Casanova (2005)


Casanova

Casanova doing what he does best.

(2005) Romantic Comedy (Touchstone) Heath Ledger, Sienna Miller, Jeremy Irons, Oliver Platt, Lena Olin, Omid Djalili, Stephen Greif, Ken Stott, Helen McCrory, Leigh Lawson, Tim McInnerny, Charlie Cox, Natalie Dormer, Robert Levine, Lauren Cohan. Directed by Lasse Hallstrom

 

All men dream of being Casanova. Not the actual man but having the same characteristics; being irresistible to women, bold, self-confident and protected by powerful friends when the chips are down. In some ways, his image has become a parody; the real man was notorious self-promoter and his memoirs are fairly unreliable, but he told a good story.

Casanova (Ledger) has been bedeviling the women of Venice to the point where the Doge (McInnerny) has been warned by the Inquisition that a Cardinal Pucci (Irons) has been sent for the sole purpose of arresting the lover. Casanova is warned to either leave the city or wed someone, this someone being Victoria (Dormer), who is loved in turn by Giovanni (Cox) and whose sister Francesca Bruni (Miller) has bewitched Casanova.

Francesca is kind of a Renaissance Gloria Steinem and espouses equality for the sexes.

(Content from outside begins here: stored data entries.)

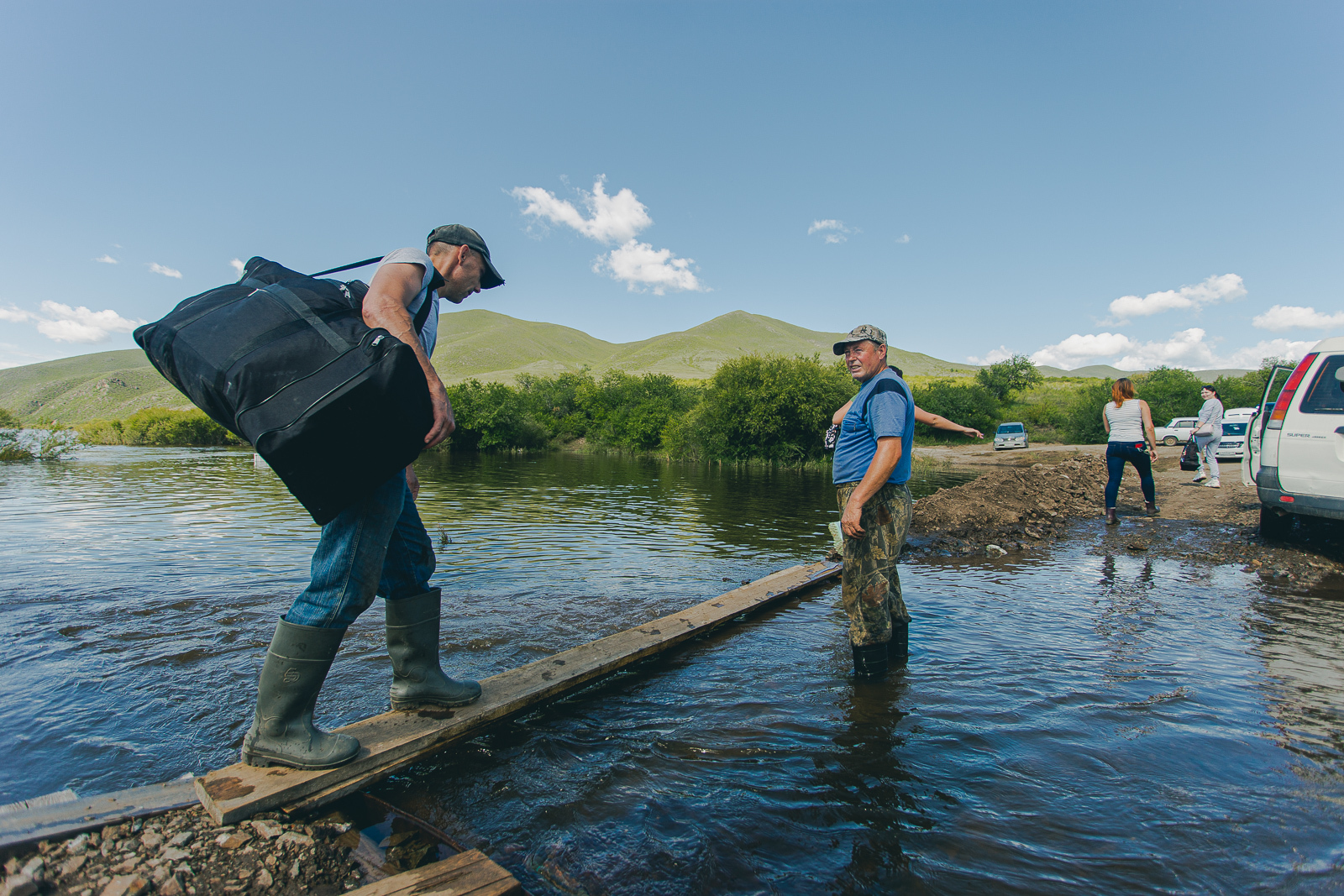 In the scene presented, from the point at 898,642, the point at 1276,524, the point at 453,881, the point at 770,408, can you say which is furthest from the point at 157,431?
the point at 1276,524

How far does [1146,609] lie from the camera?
18.4 ft

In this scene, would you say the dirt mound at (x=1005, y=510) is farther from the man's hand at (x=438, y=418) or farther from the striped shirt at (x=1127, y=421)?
the man's hand at (x=438, y=418)

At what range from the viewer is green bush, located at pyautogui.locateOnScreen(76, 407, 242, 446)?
2250 inches

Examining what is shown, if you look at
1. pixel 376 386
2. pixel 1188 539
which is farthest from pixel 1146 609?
pixel 376 386

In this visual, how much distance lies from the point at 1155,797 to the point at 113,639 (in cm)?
669

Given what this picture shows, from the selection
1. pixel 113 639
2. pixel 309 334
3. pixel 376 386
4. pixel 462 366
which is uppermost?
pixel 462 366

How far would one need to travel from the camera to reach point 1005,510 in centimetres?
1070

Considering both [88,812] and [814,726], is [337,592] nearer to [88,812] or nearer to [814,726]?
[88,812]

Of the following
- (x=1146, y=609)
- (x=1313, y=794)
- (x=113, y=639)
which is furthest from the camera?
(x=1146, y=609)

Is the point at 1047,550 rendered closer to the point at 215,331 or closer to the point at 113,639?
the point at 215,331

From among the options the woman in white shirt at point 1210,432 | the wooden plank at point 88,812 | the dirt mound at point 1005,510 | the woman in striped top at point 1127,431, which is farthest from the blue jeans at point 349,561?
the woman in white shirt at point 1210,432

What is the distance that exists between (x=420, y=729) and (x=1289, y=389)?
957 cm

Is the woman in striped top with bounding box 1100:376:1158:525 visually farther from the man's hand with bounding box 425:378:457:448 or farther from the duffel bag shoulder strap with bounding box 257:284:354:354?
the duffel bag shoulder strap with bounding box 257:284:354:354

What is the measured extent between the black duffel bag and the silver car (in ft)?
151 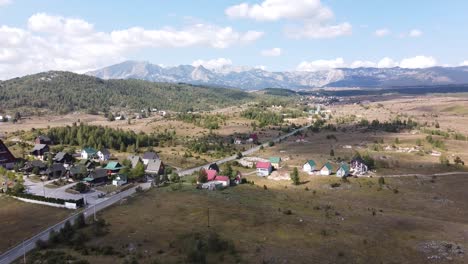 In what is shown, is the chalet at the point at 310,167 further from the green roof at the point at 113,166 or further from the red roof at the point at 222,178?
the green roof at the point at 113,166

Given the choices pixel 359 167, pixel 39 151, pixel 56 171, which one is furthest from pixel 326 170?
pixel 39 151

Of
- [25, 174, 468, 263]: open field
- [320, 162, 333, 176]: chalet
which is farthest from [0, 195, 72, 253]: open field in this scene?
[320, 162, 333, 176]: chalet

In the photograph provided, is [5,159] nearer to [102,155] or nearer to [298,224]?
[102,155]

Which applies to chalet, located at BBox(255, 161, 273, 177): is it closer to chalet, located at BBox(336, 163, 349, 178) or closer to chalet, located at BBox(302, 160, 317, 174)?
chalet, located at BBox(302, 160, 317, 174)

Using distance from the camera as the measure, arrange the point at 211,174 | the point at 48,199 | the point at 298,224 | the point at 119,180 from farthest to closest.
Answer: the point at 119,180 → the point at 211,174 → the point at 48,199 → the point at 298,224

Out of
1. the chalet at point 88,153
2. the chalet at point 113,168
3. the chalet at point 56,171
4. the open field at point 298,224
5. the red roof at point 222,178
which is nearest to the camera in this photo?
the open field at point 298,224

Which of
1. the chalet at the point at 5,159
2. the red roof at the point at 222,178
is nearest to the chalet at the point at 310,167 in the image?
Answer: the red roof at the point at 222,178

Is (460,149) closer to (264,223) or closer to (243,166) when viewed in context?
(243,166) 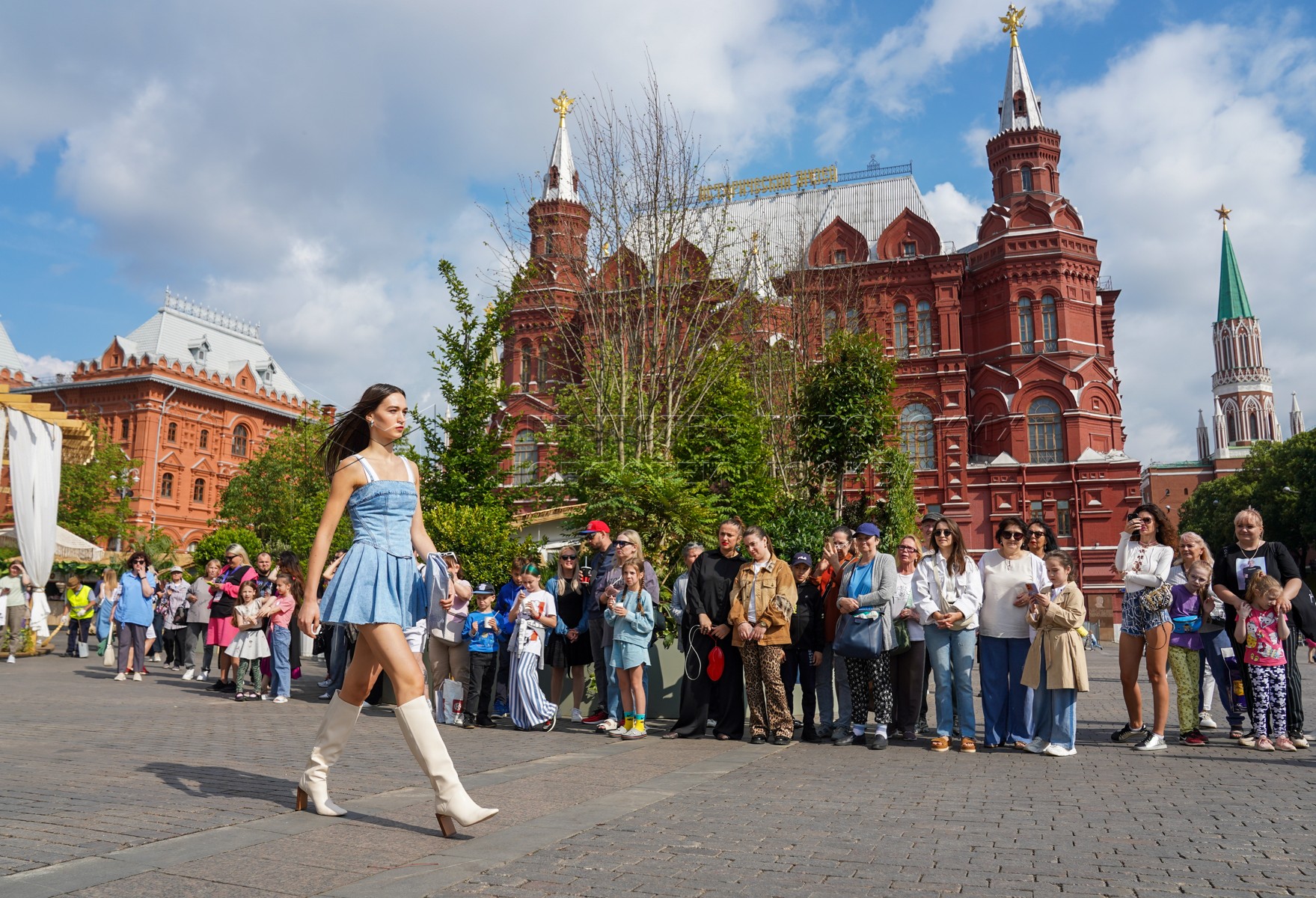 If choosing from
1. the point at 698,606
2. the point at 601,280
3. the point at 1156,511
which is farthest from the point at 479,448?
the point at 1156,511

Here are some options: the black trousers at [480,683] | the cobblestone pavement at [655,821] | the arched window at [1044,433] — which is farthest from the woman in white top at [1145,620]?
the arched window at [1044,433]

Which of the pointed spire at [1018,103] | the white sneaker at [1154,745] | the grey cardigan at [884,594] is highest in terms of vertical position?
the pointed spire at [1018,103]

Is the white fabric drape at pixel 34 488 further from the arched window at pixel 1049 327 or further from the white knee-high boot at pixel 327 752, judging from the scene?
the arched window at pixel 1049 327

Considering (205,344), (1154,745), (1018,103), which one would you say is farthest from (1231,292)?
(1154,745)

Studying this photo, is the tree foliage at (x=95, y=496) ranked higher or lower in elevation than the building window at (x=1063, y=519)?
higher

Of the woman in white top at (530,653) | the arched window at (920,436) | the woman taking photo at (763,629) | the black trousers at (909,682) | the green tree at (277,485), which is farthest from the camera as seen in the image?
the arched window at (920,436)

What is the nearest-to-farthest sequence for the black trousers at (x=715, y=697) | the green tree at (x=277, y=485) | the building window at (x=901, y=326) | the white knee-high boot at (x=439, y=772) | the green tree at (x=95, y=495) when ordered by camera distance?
the white knee-high boot at (x=439, y=772) → the black trousers at (x=715, y=697) → the green tree at (x=277, y=485) → the green tree at (x=95, y=495) → the building window at (x=901, y=326)

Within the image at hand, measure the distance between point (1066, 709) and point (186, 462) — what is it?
59.5 meters

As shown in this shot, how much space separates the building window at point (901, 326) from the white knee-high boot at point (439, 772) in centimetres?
4251

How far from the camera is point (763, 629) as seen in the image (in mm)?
8555

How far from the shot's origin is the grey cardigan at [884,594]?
331 inches

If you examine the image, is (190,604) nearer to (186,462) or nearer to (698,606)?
(698,606)

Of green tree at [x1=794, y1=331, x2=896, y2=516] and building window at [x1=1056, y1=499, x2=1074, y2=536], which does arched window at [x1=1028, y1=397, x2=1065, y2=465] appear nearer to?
building window at [x1=1056, y1=499, x2=1074, y2=536]

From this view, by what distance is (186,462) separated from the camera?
58000 mm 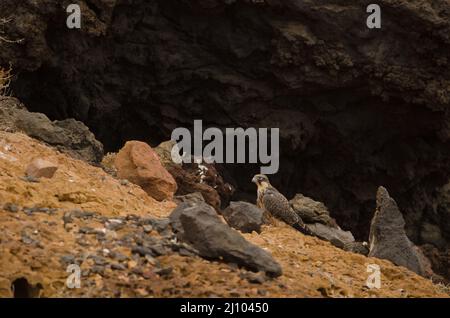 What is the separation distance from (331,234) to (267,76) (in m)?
8.27

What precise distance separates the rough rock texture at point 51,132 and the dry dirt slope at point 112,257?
53.7 inches

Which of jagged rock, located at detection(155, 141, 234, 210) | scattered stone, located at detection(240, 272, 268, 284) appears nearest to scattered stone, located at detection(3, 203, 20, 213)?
scattered stone, located at detection(240, 272, 268, 284)

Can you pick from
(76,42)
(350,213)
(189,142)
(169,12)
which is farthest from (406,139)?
(76,42)

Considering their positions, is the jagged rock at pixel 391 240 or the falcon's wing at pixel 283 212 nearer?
the jagged rock at pixel 391 240

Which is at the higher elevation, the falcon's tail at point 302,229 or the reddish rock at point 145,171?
the reddish rock at point 145,171

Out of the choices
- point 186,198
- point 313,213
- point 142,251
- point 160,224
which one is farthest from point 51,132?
point 142,251

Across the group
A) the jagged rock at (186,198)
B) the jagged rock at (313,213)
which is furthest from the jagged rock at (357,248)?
the jagged rock at (186,198)

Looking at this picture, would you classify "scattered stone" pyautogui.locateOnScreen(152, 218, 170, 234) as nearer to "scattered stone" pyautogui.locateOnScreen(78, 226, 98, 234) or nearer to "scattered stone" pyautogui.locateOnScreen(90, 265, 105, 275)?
"scattered stone" pyautogui.locateOnScreen(78, 226, 98, 234)

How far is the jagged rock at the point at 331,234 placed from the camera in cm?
964

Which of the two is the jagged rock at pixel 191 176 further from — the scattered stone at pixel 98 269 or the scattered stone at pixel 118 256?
the scattered stone at pixel 98 269

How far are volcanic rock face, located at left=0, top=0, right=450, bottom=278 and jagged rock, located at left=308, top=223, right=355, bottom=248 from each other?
22.9 feet

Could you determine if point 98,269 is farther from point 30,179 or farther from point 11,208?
point 30,179

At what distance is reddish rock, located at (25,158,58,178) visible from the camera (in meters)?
7.70

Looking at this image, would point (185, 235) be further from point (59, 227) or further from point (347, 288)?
point (347, 288) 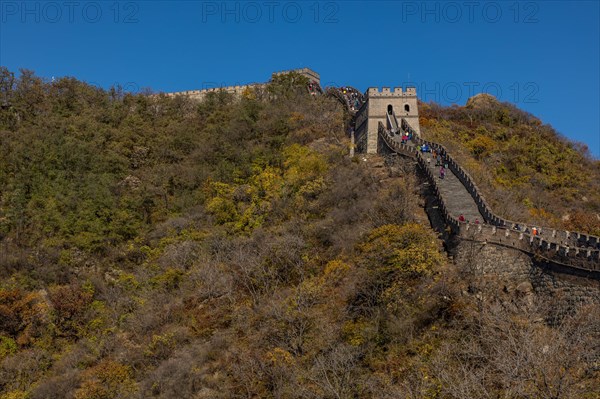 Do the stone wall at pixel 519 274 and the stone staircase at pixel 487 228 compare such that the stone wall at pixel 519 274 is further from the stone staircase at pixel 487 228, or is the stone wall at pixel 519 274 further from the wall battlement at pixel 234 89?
the wall battlement at pixel 234 89

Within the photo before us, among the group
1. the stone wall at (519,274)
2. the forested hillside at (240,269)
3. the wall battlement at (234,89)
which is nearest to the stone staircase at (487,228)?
the stone wall at (519,274)

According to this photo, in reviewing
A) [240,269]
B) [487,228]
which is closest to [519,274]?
[487,228]

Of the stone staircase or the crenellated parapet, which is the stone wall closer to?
the stone staircase

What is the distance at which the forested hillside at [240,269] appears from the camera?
24.2 meters

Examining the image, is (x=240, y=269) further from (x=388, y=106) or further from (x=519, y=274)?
(x=388, y=106)

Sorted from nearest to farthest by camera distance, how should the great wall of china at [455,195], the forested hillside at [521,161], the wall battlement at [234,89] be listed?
1. the great wall of china at [455,195]
2. the forested hillside at [521,161]
3. the wall battlement at [234,89]

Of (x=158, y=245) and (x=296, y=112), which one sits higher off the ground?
(x=296, y=112)

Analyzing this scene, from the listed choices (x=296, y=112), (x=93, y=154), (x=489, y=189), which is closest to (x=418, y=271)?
(x=489, y=189)

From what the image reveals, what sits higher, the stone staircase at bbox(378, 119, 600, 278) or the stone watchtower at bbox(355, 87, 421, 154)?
the stone watchtower at bbox(355, 87, 421, 154)

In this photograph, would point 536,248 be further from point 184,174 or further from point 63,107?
point 63,107

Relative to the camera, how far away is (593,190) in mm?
49656

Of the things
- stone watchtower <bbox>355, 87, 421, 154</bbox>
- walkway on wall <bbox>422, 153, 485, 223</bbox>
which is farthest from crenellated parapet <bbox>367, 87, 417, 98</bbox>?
walkway on wall <bbox>422, 153, 485, 223</bbox>

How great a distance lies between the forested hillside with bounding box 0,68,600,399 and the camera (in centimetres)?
2417

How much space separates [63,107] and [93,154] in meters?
12.1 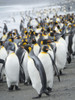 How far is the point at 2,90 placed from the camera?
5.42m

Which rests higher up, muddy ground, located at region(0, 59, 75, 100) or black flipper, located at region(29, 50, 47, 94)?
black flipper, located at region(29, 50, 47, 94)

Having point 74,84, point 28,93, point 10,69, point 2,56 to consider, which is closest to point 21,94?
point 28,93

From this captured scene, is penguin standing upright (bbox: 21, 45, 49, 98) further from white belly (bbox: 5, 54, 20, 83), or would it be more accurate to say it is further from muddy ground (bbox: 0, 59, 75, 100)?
white belly (bbox: 5, 54, 20, 83)

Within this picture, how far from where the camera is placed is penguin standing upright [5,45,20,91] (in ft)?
17.1

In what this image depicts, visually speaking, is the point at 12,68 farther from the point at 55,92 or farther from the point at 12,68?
the point at 55,92

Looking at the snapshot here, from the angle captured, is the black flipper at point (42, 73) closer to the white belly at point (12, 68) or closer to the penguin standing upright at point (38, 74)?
the penguin standing upright at point (38, 74)

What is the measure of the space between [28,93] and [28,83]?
0.83m

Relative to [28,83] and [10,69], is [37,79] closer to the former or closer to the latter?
[10,69]

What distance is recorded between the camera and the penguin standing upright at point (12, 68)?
5215 mm

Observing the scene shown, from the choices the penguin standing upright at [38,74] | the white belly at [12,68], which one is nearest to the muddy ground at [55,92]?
the penguin standing upright at [38,74]

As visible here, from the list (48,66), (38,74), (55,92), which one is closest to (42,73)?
(38,74)

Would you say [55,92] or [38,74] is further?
[55,92]

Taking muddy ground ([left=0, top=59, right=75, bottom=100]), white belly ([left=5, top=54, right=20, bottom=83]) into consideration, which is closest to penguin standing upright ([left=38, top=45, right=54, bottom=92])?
muddy ground ([left=0, top=59, right=75, bottom=100])

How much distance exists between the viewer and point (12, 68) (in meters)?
5.25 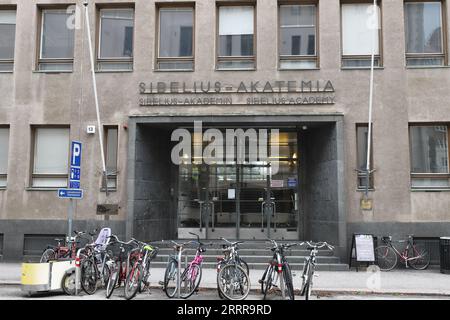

She despises everything Casanova stands for, therefore in keeping with Hollywood convention you know she is going to fall in love with him, although Casanova will have to impersonate her own fiancée, Papprizio (Platt) – Genoa’s own King of Lard – to win her hand.

The problem here is that Hallstrom and the writers aren’t sure whether they’re making a bedroom farce or a screwball comedy and the difference between the two is pretty significant. It’s set up to be a comedy but there are swordfights and rooftop chases. Casanova comes off like  a cut-rate Douglas Fairbanks, which isn’t necessarily a bad thing. Those aspects are some of the movie’s highlights.

The late Heath Ledger made this the same year he made Brokeback Mountain and it was clear he was just coming into his own as an actor. He is self-assured and handsome, not relying on his looks nearly as much and beginning to show signs that his raw talent is beginning to gel, talent that would culminate in his Oscar-winning performance in The Dark Knight just three short years later. It makes his untimely passing all the more poignant.

The comedy here is mostly supplied by Djalili as Casanova’s long-suffering valet and by Platt. If you’re going to cast Platt as the King of Lard, you’d better have some scenes to back it up and Platt, one of the most underrated character actors in the past decade in my opinion, has some great moments where he gets to swashbuckle as well, and holds his own doing it. Reminds me of his work as Porthos in the 1993 version of The Three Musketeers.

It’s a shame that the script went in the modern rom-com conventional direction of boy meets girl, girl hates boy, boy wins girl, girl breaks up with boy and while I don’t want to give away the ending, Helen Keller could see it coming. Okay, maybe that wasn’t the most sensitive way of putting it.

If you take the attitude that this is going to be some fun entertainment with a little titillation, not a whole lot of originality and very little historical accuracy you’re going to like this just fine. I just wonder why they didn’t use the “real” exploits of Casanova from his memoirs – some of those were far more interesting and outrageous than what we got here.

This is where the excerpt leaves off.